The University has recently taken several measures to address increasing pressure from the Recording Industry Association of America (RIAA) and the Motion Picture Association of America (MPAA) to clamp down on copyright infringement.
On Thursday, students were required to agree to a statement in their electronic portfolios pledging to abstain from illegal sharing, in particular audio and video file sharing.
Last spring, the university was one of 40 colleges and universities that received letters from the RIAA and MPAA demanding that it curb illegal copyright infringement. University lawyers recommended the school take proactive steps to protect itself and avoid litigation.
The agreement that appeared in students’ electronic portfolios acknowledged the crucial need for intellectual property (IP) education.
“By clicking on the accept button below, I acknowledge that as a member of the Wesleyan community, I am committed to understanding and respecting intellectual property rights,” the statement read.
“The question was how do we proactively tell our constituents about the law,” said Associate Vice President for Information Technology Services and Adjunct Associate Professor of Chemistry Ganesan Ravishanker, who worked on the agreement. “We wanted to target a particular issue, be concise, and have people read it.”
Ravishanker stressed that the University has not submitted to several of the RIAA and MPAA requests.

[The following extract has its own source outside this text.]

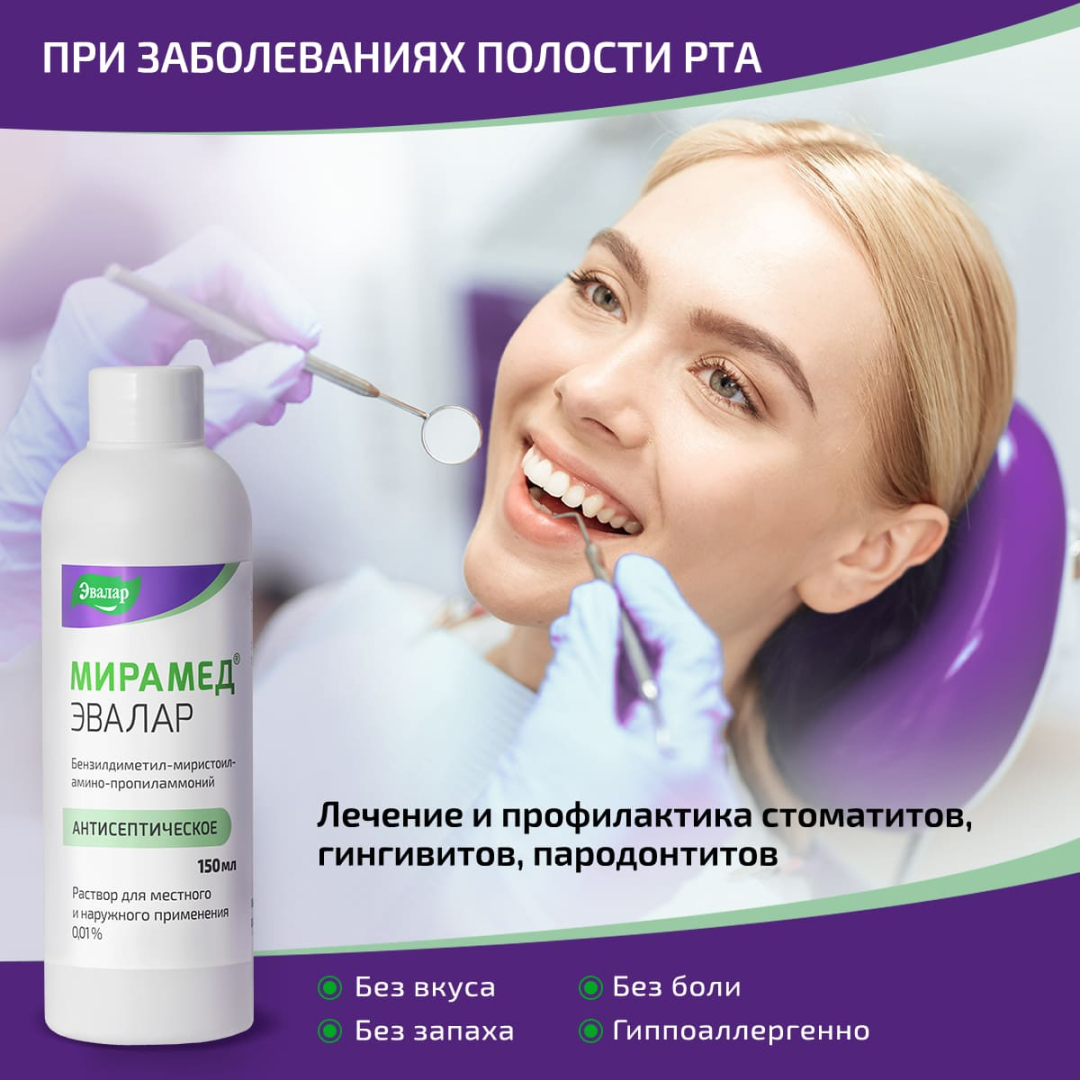 Мирамед Эвалар 0,01% раствор для местного и наружного применения без распылителя, 150 мл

Because it is difficult to view in-network activity from the outside, the RIAA and MPAA have pressured schools to adopt blocking and filtering devices of their own.
While the University does not condone illegal sharing, it refuses to monitor individual computer activity on its Local Area Network (LAN), instead choosing to restrict the percentage of bandwidth available for file sharing.
If students share files from within the University network to computers outside, however, they expose themselves to litigation. Students living in wood-frame housing are particularly at risk because they fall outside the LAN.
Out of network activity can be monitored by the RIAA and MPAA, and University students have been targeted in the past. Over the last several years, the RIAA and MPAA have filed multiple complaints against University students.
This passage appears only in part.